We landed in Jakarta safe and sound ready for a new adventure in another foreign land. We didn’t know too much of what to expect, as it was sort of a whim that we came to Indonesia so quickly after only spending 2 weeks in Malaysia.
Jakarta is the capital and largest city of Indonesia. We stayed near Pasar Badu, a frantic and interesting market strip which is close to several of the city’s main tourist attractions. We had been warned about the taxi services in Jakarta. Apparently there are only about two companies you can trust not to rip you off. Blue Bird and Express Taxis…but look out for the imitation ones as well. Unfortunately, for any readers where a first hand experience might help, we cannot help.

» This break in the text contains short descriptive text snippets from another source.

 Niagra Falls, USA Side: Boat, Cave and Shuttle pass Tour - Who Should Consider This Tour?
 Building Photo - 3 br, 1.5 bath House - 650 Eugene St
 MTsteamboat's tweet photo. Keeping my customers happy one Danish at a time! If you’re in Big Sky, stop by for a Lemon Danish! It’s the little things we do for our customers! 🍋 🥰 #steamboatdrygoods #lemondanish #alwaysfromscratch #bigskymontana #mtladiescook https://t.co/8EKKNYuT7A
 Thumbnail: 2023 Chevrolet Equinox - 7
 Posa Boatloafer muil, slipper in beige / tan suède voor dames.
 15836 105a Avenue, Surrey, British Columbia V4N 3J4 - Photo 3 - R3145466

We decided to walk to our hotel to avoid having to deal with being scammed. We just weren’t in the mood and now a 1-2km walk with our bags is of the norm.
Our first stop was at the Istiqlal Mosque (Independence Mosque), the largest mosque in Southeast Asia. We received a free (donation expected) tour around the mosque. Before we went in I had to wear a robe which Stephen said was my Hugh Hefner robe. Some of the men on the tour also had to wear robes because their shorts were cut above their knees. I have to say, their robes weren’t as fashionable as mine, very plain and heavy looking. Anyway, the tour was nice and we learned some facts. What we picked up on the most was that the mosque, obviously used for worship, also seemed to be a place to– picnic, catch up on phone calls, charge your electronics, dry your clothes, have a nap and read a book. An inside park perhaps where you occasionally point to Mecca and tell Allah how great he is. No judgement from me, that’s what they’re doing isn’t it. They do this five times a day which Stephen says ‘shows how insecure the god really is, most Christians don’t even go to church once a week’. Hope that doesn’t offend anyone.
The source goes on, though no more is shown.